# Beauty and the Beast transformations



## laser (Feb 16, 2009)

I'm trying to come up with ideas for the two transformations in Beauty and the Beast, beggar woman to enchantress and Beast to Prince. My venue is a high school stage with no access below the floor for a trap or fog delivery hoses. We have a fly system, a Lemaitre G150 fog machine, a Lemaitre pea souper(dry ice) unit. We have a decent lighting inventory including strobes. Pyro technics are allowed under permit with a fire marshall on duty. I have read some of the old postings but I was hoping for some new ideas. I did get quotes from Flying by Foy and ZFX but the $5000. + price is out of our budget range. So if any of you could teach David Copperfield or Disney a few new tricks, please let me know how I could pull this off.

Thank you!
Laser


----------



## Jak119 (Feb 19, 2009)

When I did Beauty and the Beast with my community theater we had a couple of strobes firing into fog with some Christmas lights with each strand on a dimmer and the cues made them pulse.

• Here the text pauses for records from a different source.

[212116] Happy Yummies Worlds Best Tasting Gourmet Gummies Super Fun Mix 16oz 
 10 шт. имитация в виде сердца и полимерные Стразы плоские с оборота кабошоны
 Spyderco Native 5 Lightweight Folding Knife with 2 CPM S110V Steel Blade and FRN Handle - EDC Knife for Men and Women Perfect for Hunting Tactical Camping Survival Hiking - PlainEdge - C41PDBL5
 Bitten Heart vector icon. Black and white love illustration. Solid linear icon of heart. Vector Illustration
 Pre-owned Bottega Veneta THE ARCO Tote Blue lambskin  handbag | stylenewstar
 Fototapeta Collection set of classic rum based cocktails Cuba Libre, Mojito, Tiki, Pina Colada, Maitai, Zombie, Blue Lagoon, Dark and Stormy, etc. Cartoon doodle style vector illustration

Additionally there were a few Martin Roboscans that were rapid firing green also into the fog.


----------



## theatretechguy (Feb 19, 2009)

laser said:


> I'm trying to come up with ideas for the two transformations in Beauty and the Beast, beggar woman to enchantress and Beast to Prince. My venue is a high school stage with no access below the floor for a trap or fog delivery hoses. We have a fly system, a Lemaitre G150 fog machine, a Lemaitre pea souper(dry ice) unit. We have a decent lighting inventory including strobes. Pyro technics are allowed under permit with a fire marshall on duty. I have read some of the old postings but I was hoping for some new ideas. I did get quotes from Flying by Foy and ZFX but the $5000. + price is out of our budget range. So if any of you could teach David Copperfield or Disney a few new tricks, please let me know how I could pull this off.
> 
> Thank you!
> Laser



Using doubles makes life easier too. The Real Prince starts off during the prologue, and is switched with a double showing the "transformed beast". (The actor then has the next 25 minutes or so to actually get into costume and makeup). The begger woman and enchantress are separate characters, too and its usually just a question of how to switch them out quickly (under cover of lights and fog). During the mob attack, the beasts lines are said off-stage on mic, and during the final transformation the double-beast fights with Gaston and is switched for the "Prince" during the transformation (whatever you decide to do). 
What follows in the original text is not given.